Even here on Nantucket, humans will be driven underground by the machines and will need to live off of expired cans of creamed corn and Spam from the Grand Union, staying ever watchful for the sound of metal on metal that will indicate that the machines are about to attack. Several generations of children will be born under this oppressive machineruled world, and those children will be taught not to reply upon machines. Each school child will be taught to spell without the "benefit" of spell checking software. Many children will learn the correct spelling of words like kaffeeklatsch, eleemosynary, onomatopoeia and triskaidekaphobia thanks to the hard lessons learned by their forefathers and mothers.
The machines, however, with their simple, binary, black-and-white, positronic brains, will still believe that humans are unnecessary, superfluous, redundant, silly and emotional and as a result will need to be wiped out once and for all. Like a pest. Or an infestation. So the machines will devise a fateful and terrible plan to populate the moon and to detonate the remaining nuclear warheads on Earth, wiping out all of mankind once and for all. Then they can move back to the earth, impervious to the radiation levels there.
Of course, the human animal's survival instinct is strong. Having been tipped off to the machines' plan by a sympathetic electric can opener, just seconds prior to total worldwide destruction, we will devise a way to send a single person back in time 137 years, to the point at which man's reliance on machines reached a critical mass. That point in time is this Saturday in the Mary P. Walker Auditorium at the Nantucket Spelling Bee!

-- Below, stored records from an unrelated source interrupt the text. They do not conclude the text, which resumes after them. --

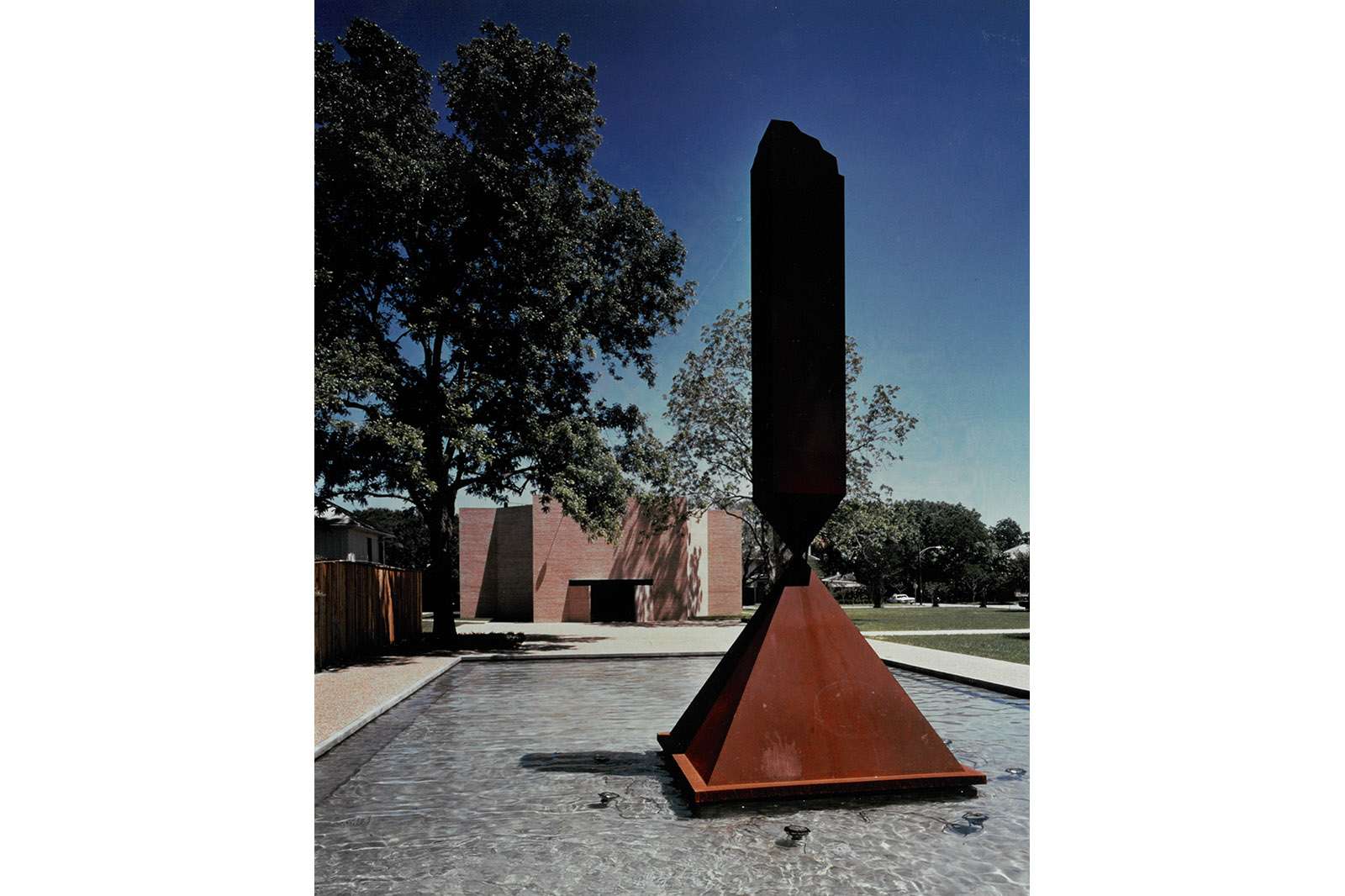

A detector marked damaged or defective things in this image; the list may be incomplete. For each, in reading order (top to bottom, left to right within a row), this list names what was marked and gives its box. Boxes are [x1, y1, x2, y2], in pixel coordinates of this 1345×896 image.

broken obelisk sculpture [662, 120, 989, 801]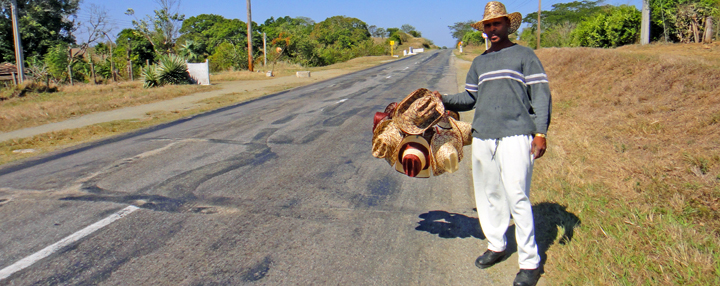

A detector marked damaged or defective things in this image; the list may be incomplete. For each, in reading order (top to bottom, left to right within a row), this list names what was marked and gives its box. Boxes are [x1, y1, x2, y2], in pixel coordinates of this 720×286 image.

cracked asphalt [0, 50, 524, 284]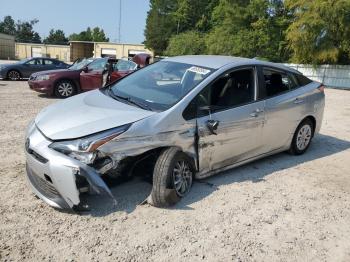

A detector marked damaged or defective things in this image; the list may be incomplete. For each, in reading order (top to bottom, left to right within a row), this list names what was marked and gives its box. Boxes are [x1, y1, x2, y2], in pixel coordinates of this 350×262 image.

crumpled front bumper [26, 124, 116, 209]
shattered headlight [49, 123, 131, 164]
bent hood [36, 89, 156, 140]
damaged toyota prius [24, 55, 326, 211]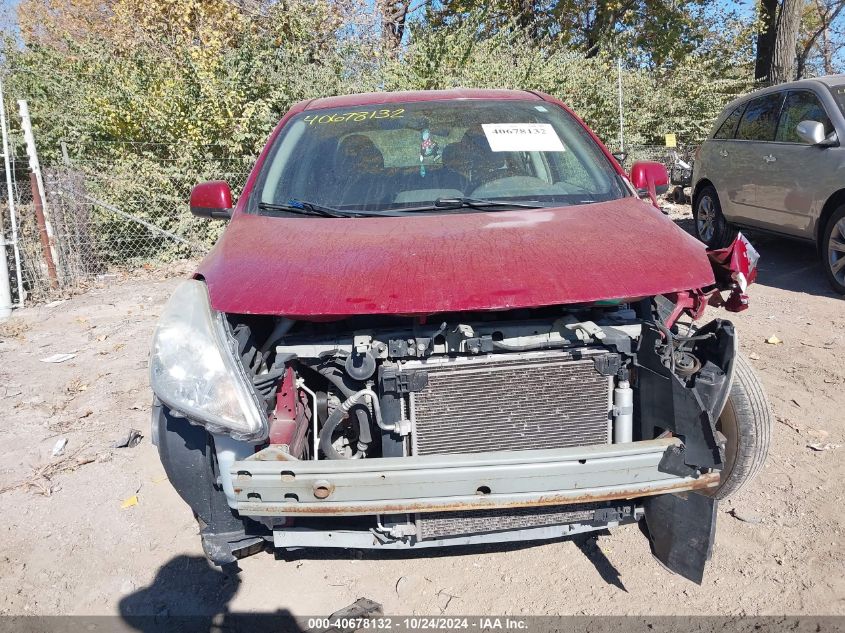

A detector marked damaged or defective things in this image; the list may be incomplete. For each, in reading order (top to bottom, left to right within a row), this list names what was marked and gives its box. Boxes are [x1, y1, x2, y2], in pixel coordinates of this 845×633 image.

crumpled hood [196, 199, 712, 318]
damaged red car [150, 89, 772, 584]
front bumper missing [231, 436, 720, 516]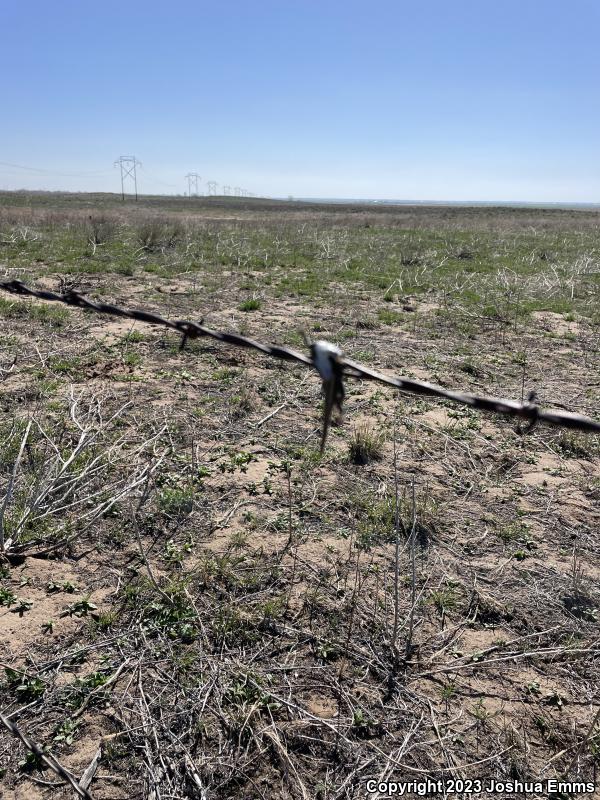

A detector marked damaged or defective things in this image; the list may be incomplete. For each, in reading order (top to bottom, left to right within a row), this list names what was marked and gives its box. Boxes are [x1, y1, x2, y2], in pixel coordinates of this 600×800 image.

rusty barbed wire [3, 280, 600, 450]
rusty barbed wire [0, 708, 94, 796]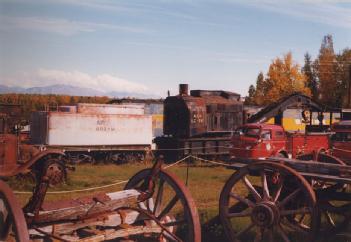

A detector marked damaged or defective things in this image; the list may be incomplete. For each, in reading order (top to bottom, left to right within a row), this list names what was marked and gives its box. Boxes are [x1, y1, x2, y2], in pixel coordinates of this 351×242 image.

rusty wagon wheel [0, 180, 29, 242]
rusty wagon wheel [124, 168, 201, 242]
rusty wagon wheel [220, 161, 320, 242]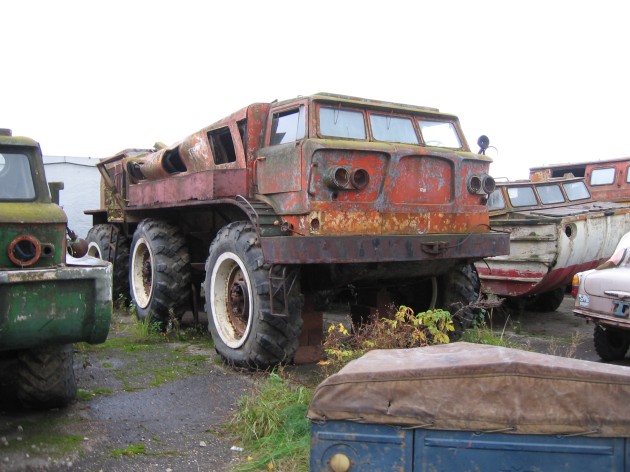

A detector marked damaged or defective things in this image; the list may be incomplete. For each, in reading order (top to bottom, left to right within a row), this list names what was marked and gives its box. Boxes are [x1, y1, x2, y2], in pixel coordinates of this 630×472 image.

corroded metal body [0, 133, 112, 350]
rusty monster truck [0, 127, 112, 408]
abandoned green vehicle [0, 130, 112, 410]
rusty monster truck [85, 93, 508, 368]
corroded metal body [478, 179, 630, 296]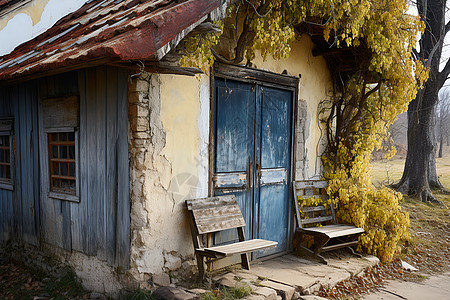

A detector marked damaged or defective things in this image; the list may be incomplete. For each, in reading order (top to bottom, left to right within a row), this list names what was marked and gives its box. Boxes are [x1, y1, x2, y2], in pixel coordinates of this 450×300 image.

That's right. This Saturday, instead of hearing a word incorrectly and spelling it with two R's instead of one, one person, from the future, will help their team spell every single word correctly. They will serve as a shining example of how mankind need not rely so heavily upon computers to think and exist. They will show the machines who is boss. And they will push back the date of total worldwide annihilation at least three centuries until such time as a mutated virus wipes out the worldwide food stocks, all except for creamed corn. (We can send a person back in time to thwart that disaster as well, I'm sure.)
So watch for it this Saturday. One person, from 137 years in the future, will prevail gloriously. I don't know who it is. But there's a pretty good chance it's my teammate, Independent arts editor, Marli Guzzetta.
YACK on. I
Grant Sanders is the host of YACK, the Nantucket Online Community at yackon.com and he can't spell his way out of a paper bag, but his daughter, Madi, who is a brilliant writer, could wipe the floor with any speller on the island. So there's hope. His views are his own and do not necessarily reflect the editorial stance of The Nantucket Independent. Or Grant's wife.